Work instructions - An exact copy is the goal: every line from the one containing "For more information" to the end of the material below, pictures excluded.

----- Supplied records

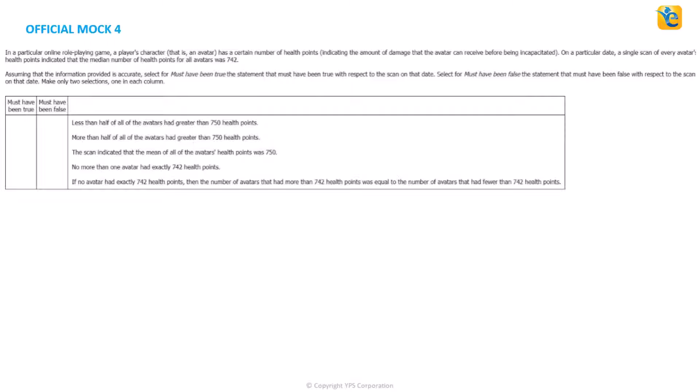In a particular online role-playing game, a player's character, an avatar, has a certain number of health points, indicating the amount of damage the avatar can receive before being incapacitated.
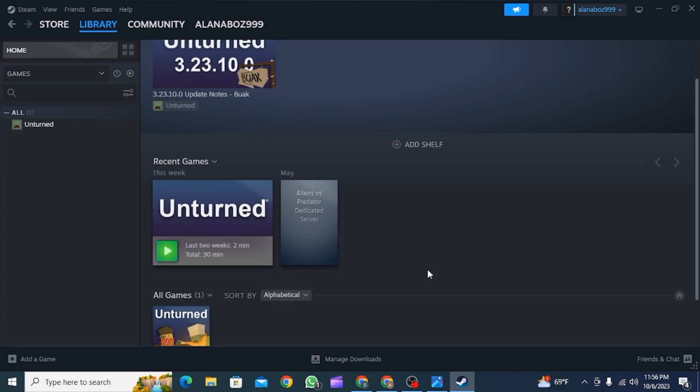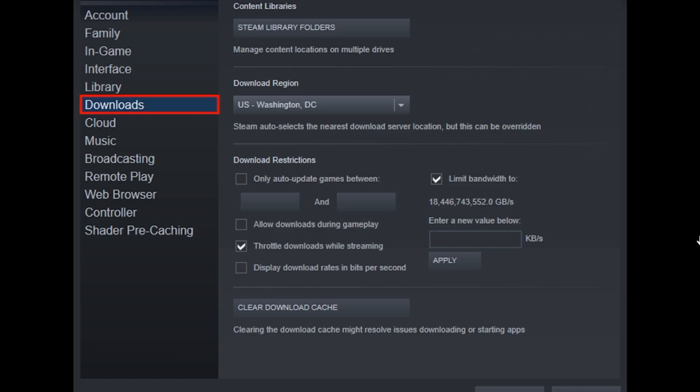The first thing you want to do is open up Steam on your device. Once you have done that, at the top click on Steam. From there you want to click on Settings.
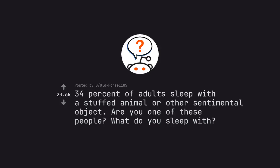Ask credit by old horse 1185. 34% of adults sleep with a stuffed animal or other sentimental object. Are you one of these people? What do you sleep with?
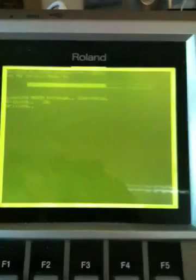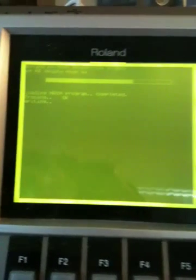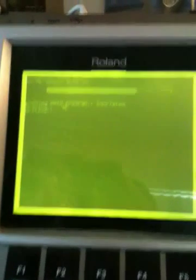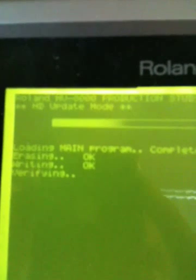Sup y'all, this is Apparatus Beats with another beat video, but I'm actually updating my MV8000 to the latest OS operating system. You can see everything is flashing. So I'm gonna test everything out on version 3.54.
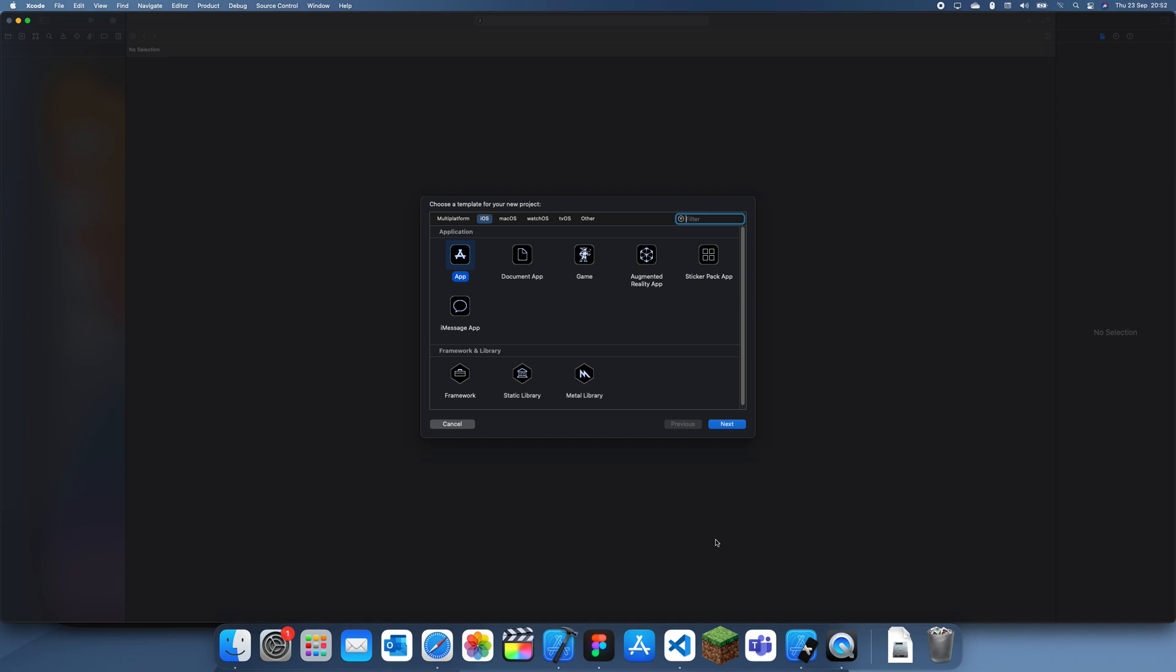Hey guys, welcome back to another Swift tutorial. In this tutorial I'm going to be explaining how to detect when a tab bar button has been clicked, and one of my viewers asked how to activate haptic feedback when it's clicked, so I'll show you how to do that.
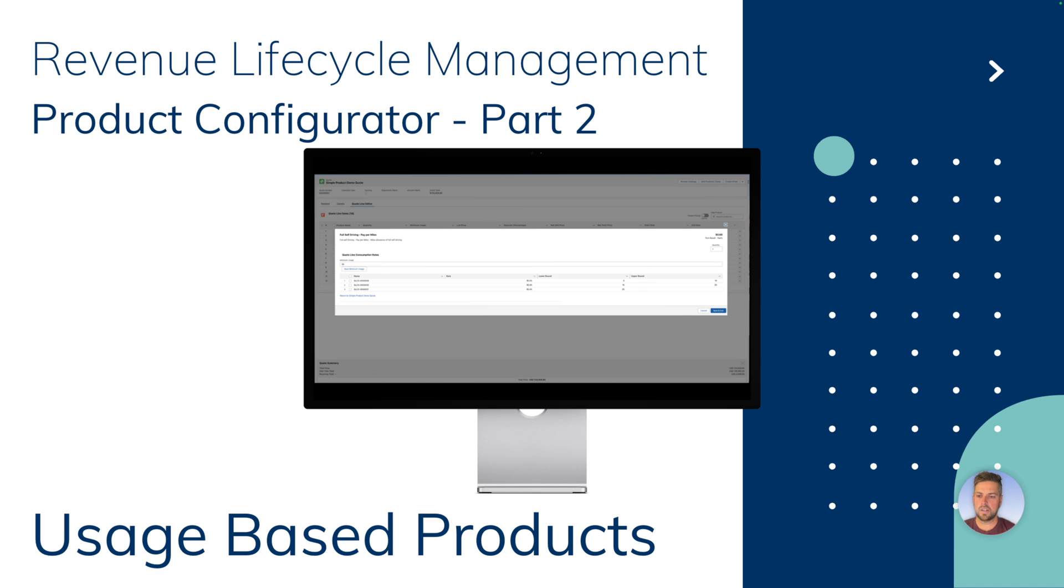In the first video we looked at creating custom configurator flow and how we can assign it to different products. Today we're going to take a slightly different approach and see how flexible the product configurator is to allow a use case that's not currently possible in RLM usage-based products.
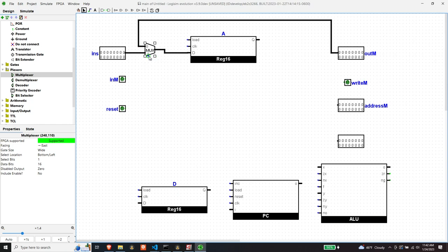The harder part is the control logic for determining which input gets selected. To control whether the input is the instruction or a result from the ALU, that's simply controlled by the 15th bit of the instruction — specifically the I bit. If the 15th bit is zero, that's an A instruction; if it's a 1, it's a C instruction.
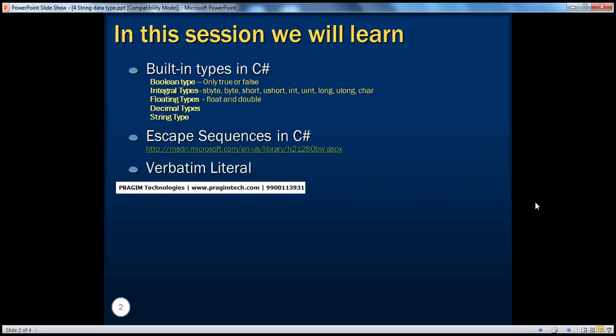In part 3, we have seen the other built-in data types like Boolean, Integral, Floating Types, and Decimal Data Type. In this session, we'll be looking at string types. From part 1, we have already been working with strings — for example, we have printed a string, 'welcome to C# training', and we also accepted some input from the user, concatenated that with the hello word, and output to the string.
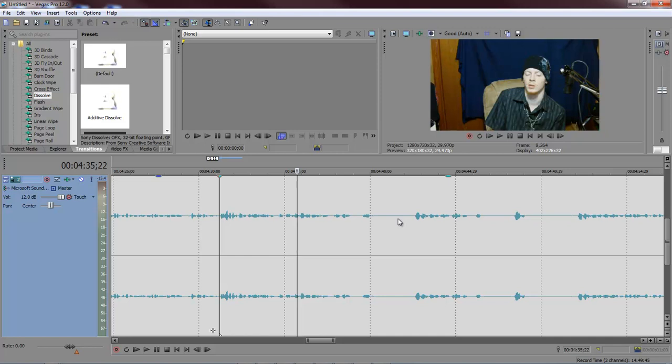Alright, Wayne Barron here with DarkEffects.net inside of Sony Vegas. Y'all have a rocking rest of the week now. Bye-bye.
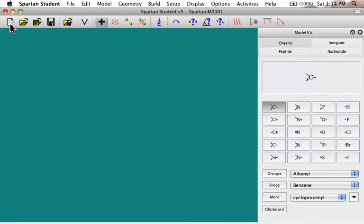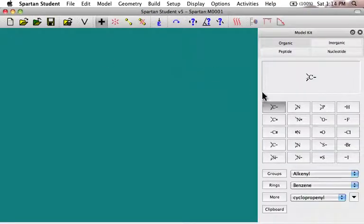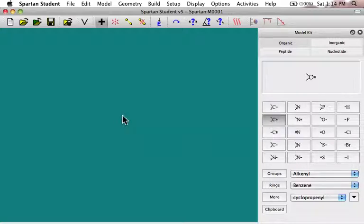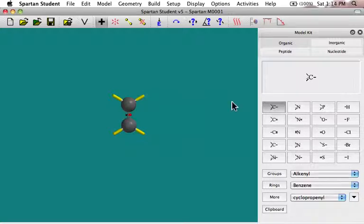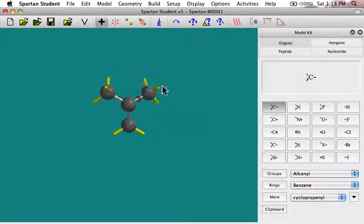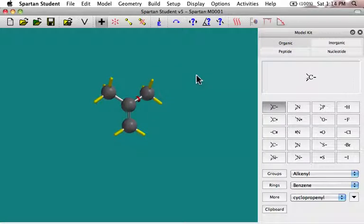So let's build some molecules. I'm going to do a couple of C4H8 isomers, and that has one degree of unsaturation, so I'll start with an alkene. Let's put two methyl groups on the same carbon, hit my little energy minimize, and there's one of my isomers.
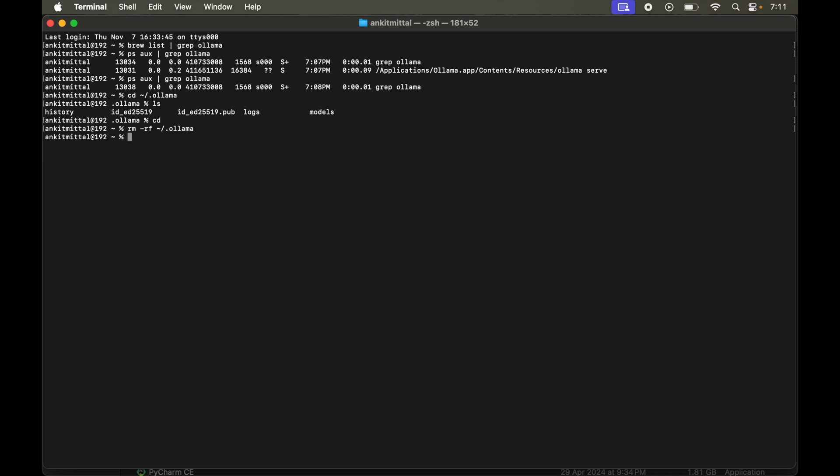Let's now verify once. Again I will try to access this folder. So I will type cd then tilde slash dot ollama and hit enter. This time I am getting no such file or directory.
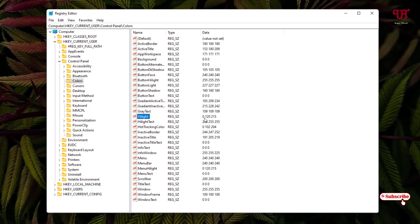On the right side, find the entry named 'Highlight' and select it. You can see the default value is '0 120 215'. Kindly note or save this default value somewhere, in case you want to revert back to the default blue color later.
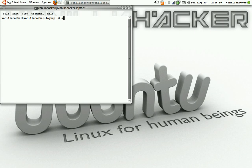Type sudo. Sudo makes you the super user or root user of Ubuntu and that gives you all privileges.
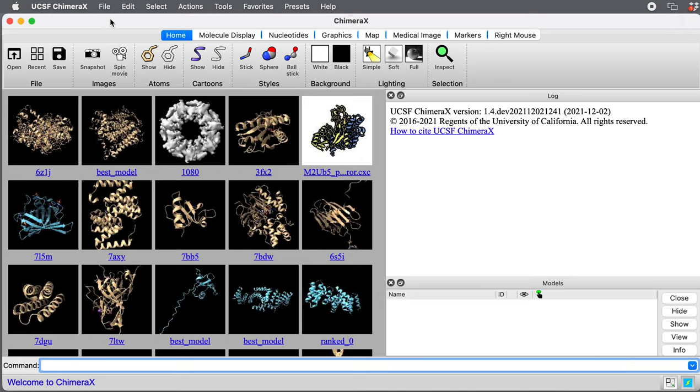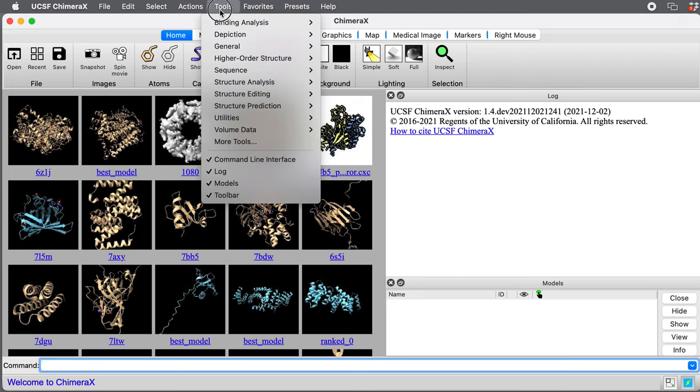I'm using Chimera X, a daily build from December 2nd. You'll need a daily build newer than December 2nd to do these predictions of complexes. It won't be in the Chimera X 1.3 release, but it will be in 1.4 when that comes out.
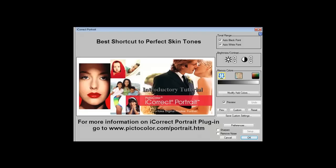For more information about iCorrect Portrait, the best shortcut to perfect color, go to www.pictocolor.com. You can also download a trial version of iCorrect Portrait and see for yourself how easy it is to make the color right.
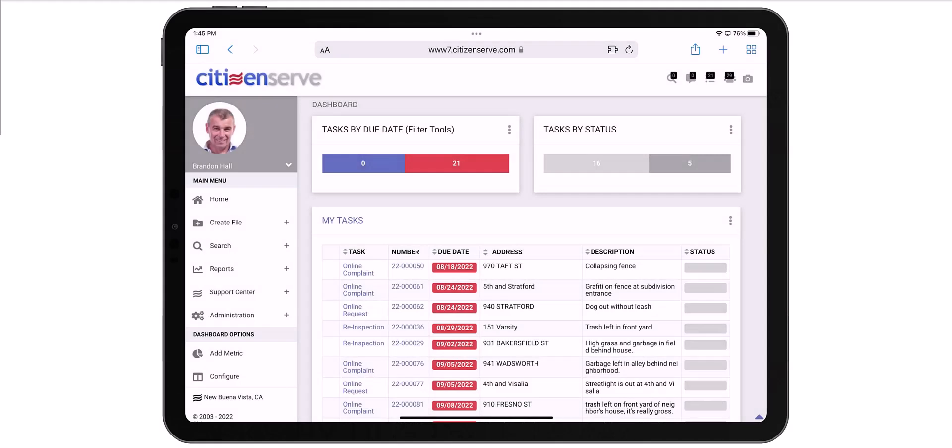The Quick Access Camera is a great tool to use on your mobile device. I'm on an iPad Pro, but CitizenServe is device and browser independent, so it will work from any recent browser on your favorite device.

----------

Written answer -
For more information about iCorrect Portrait, the best shortcut to perfect color, go to www.pictocolor.com. You can also download a trial version of iCorrect Portrait and see for yourself how easy it is to make the color right.
The Quick Access Camera is a great tool to use on your mobile device. I'm on an iPad Pro, but CitizenServe is device and browser independent, so it will work from any recent browser on your favorite device.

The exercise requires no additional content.